Work request
The reply should hold only the lines from the one with "Скатертину на стіл" to the one with "Thyme & Table", both ends kept, exactly as they appear below, without any pictures.

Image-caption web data
──────

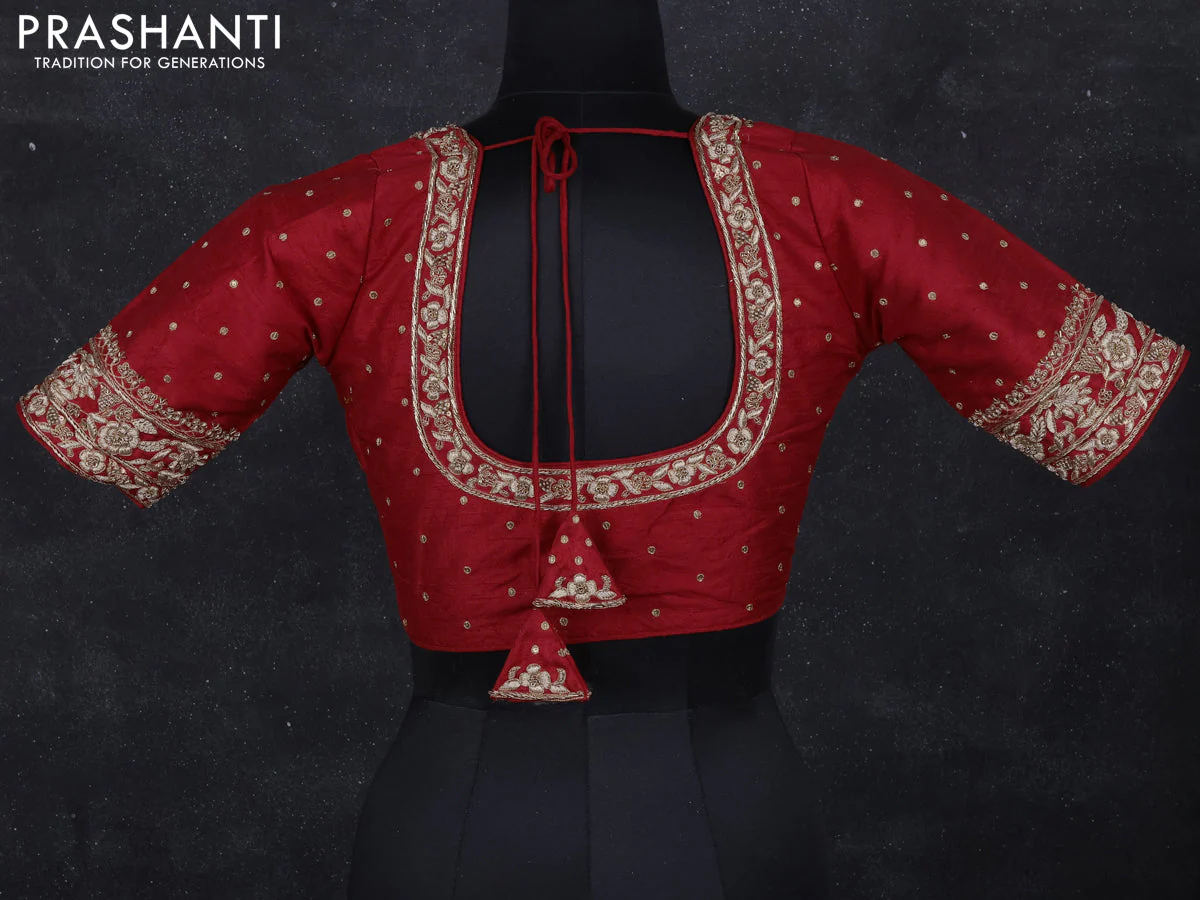 Raw silk readymade blouse red with zardosi work - Image 2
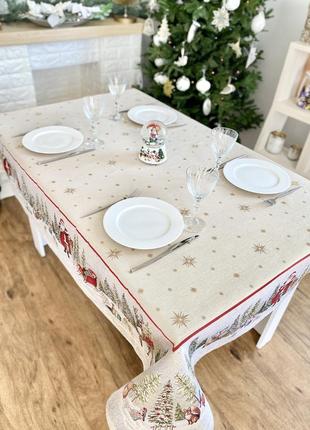 Скатертину на стіл новорічна "гостинці санти" 137 х 137 див., гобеленова, золотий люрекс2 фото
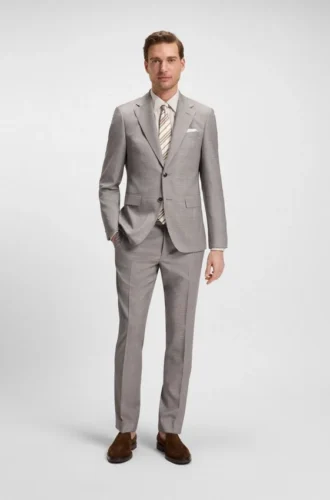 Checked regular-fit suit in virgin wool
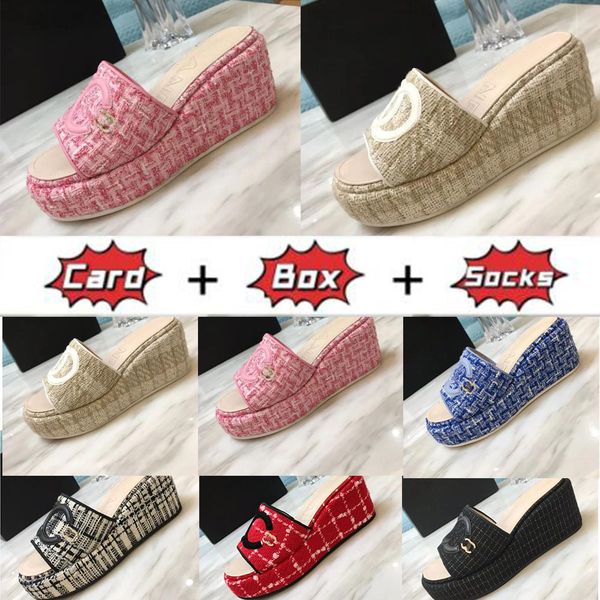 

2023 designer sandal wedge sandals women slippers flip flops luxury flat thick bottom embroidery comfortable platform sandals casual summer, Black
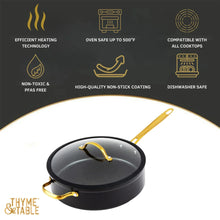 Thyme & Table Non-Stick 5 Quart Signature Sauté Pan with Glass Lid, Black & Gold - Brands For Less USA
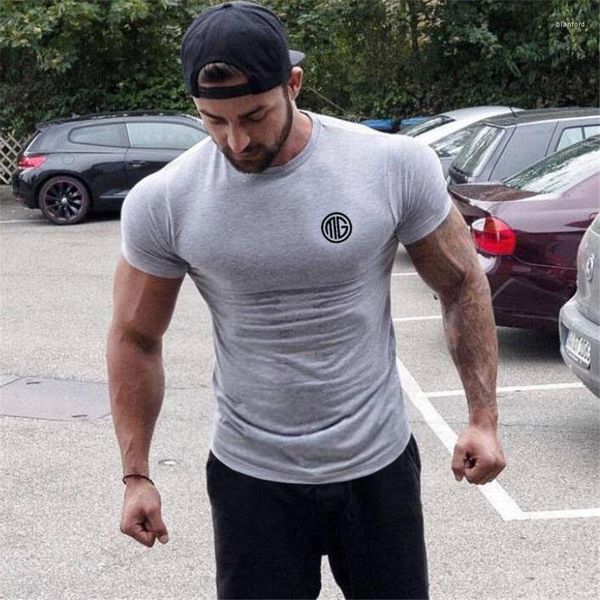 T-shirts pour hommes marque coton Muscle été hommes décontracté vêtements de mode musculation hauts à manches courtes sport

──────

Result of the exercise
 Скатертину на стіл новорічна "гостинці санти" 137 х 137 див., гобеленова, золотий люрекс2 фото
 Checked regular-fit suit in virgin wool

2023 designer sandal wedge sandals women slippers flip flops luxury flat thick bottom embroidery comfortable platform sandals casual summer, Black
 Thyme & Table Non-Stick 5 Quart Signature Sauté Pan with Glass Lid, Black & Gold - Brands For Less USA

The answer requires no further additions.